__PROVIDED DATA__
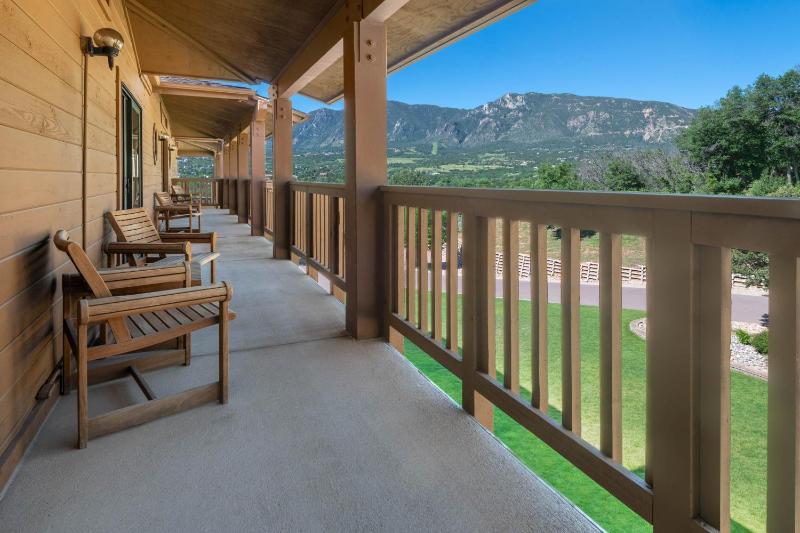 Cheyenne Mountain Resort a Destination by Hyatt Hotels - image 35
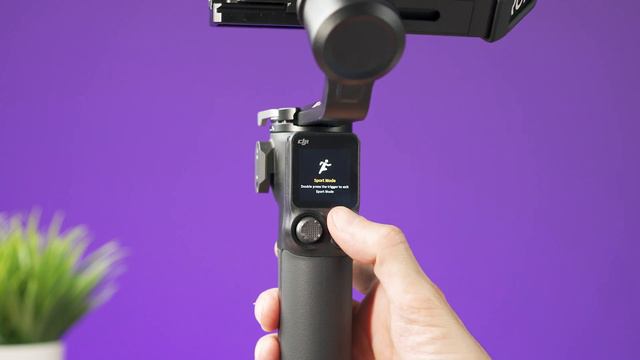 DJI RS3 Mini Tutorial: Step by Step Beginner's Guide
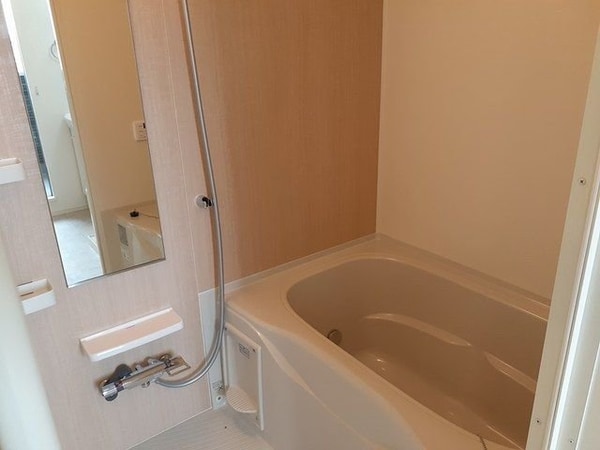 バス／シャワールーム等(バス／シャワールーム等)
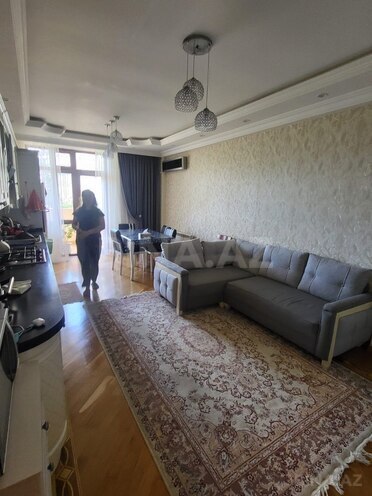 Продаётся 4-комн. вторичка 112 м², м. Элмляр Академиясы, photo 3 from 13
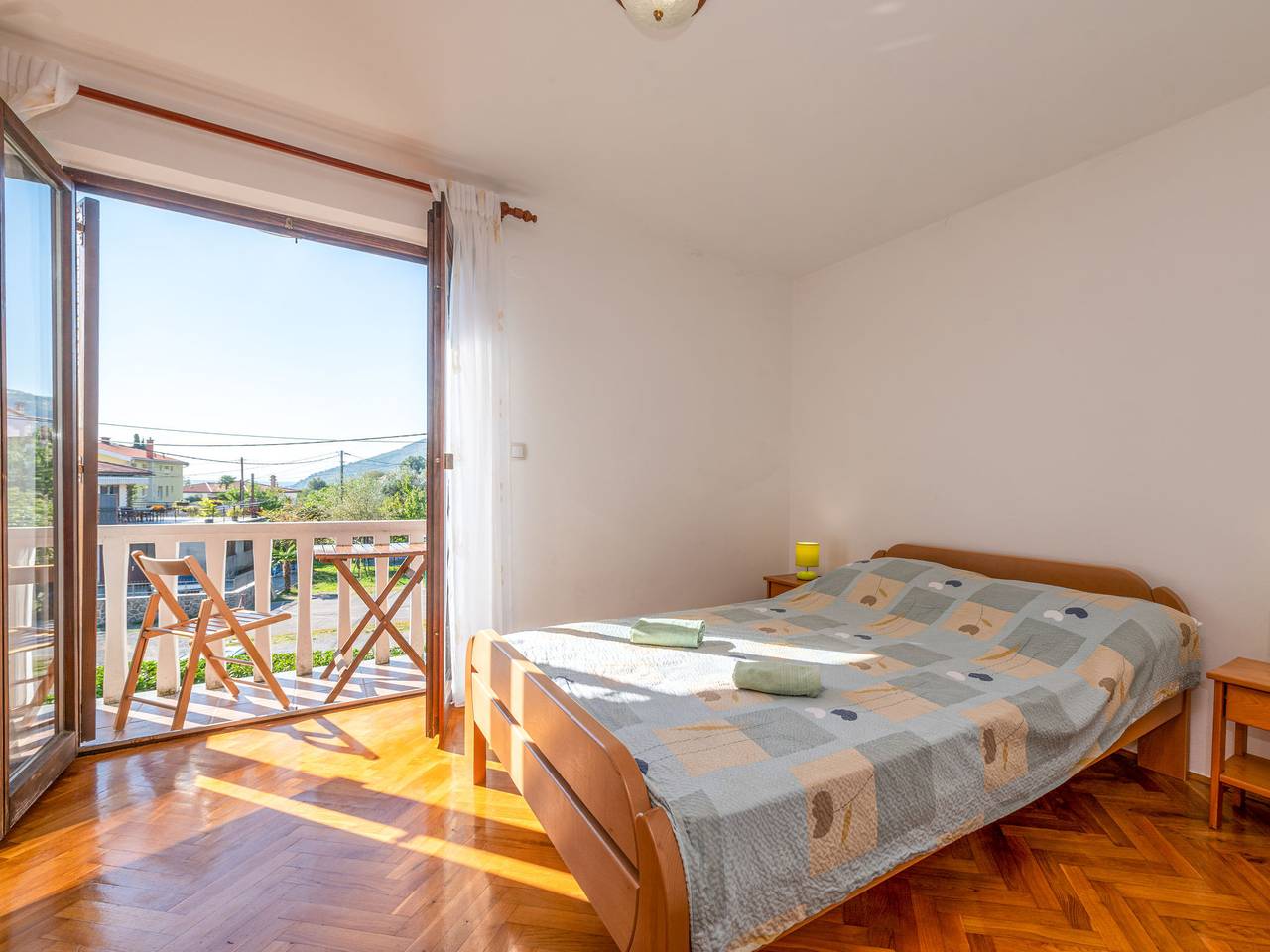 Geheel appartement, Lara in Ika, Opatija Riviera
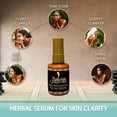 thumbnail image 4 of OKAY Nefertiti Skin Brightening Facial Serum - 2 oz / 59 ml, 4 of 6
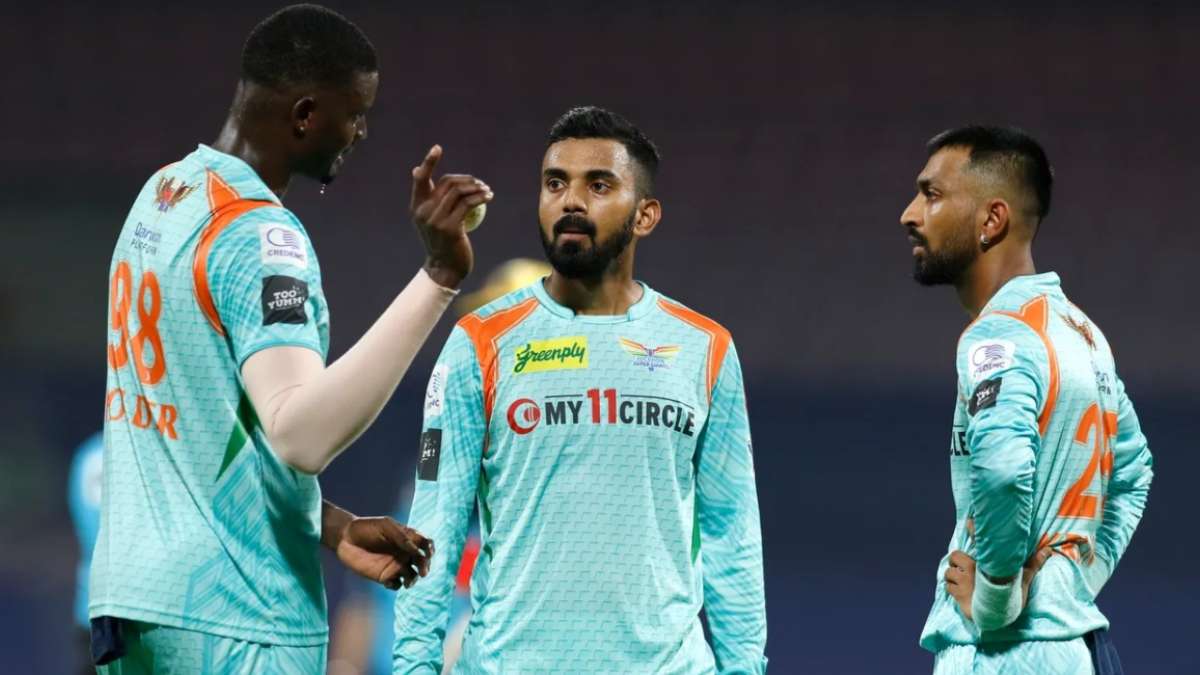 लखनऊ सुपर जाइंट्स ने इस स्टार खिलाडी को दिया बड़ा झटका, IPL 2023 से पहले फ्रेंचाइज़ी ने किया रिलीज़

__TASK PROMPT__
When you write out the material, keep every line exact and leave out each picture.

__EXERCISE RESPONSE__
 Cheyenne Mountain Resort a Destination by Hyatt Hotels - image 35
 DJI RS3 Mini Tutorial: Step by Step Beginner's Guide
 バス／シャワールーム等(バス／シャワールーム等)
 Продаётся 4-комн. вторичка 112 м², м. Элмляр Академиясы, photo 3 from 13
 Geheel appartement, Lara in Ika, Opatija Riviera
 thumbnail image 4 of OKAY Nefertiti Skin Brightening Facial Serum - 2 oz / 59 ml, 4 of 6
 लखनऊ सुपर जाइंट्स ने इस स्टार खिलाडी को दिया बड़ा झटका, IPL 2023 से पहले फ्रेंचाइज़ी ने किया रिलीज़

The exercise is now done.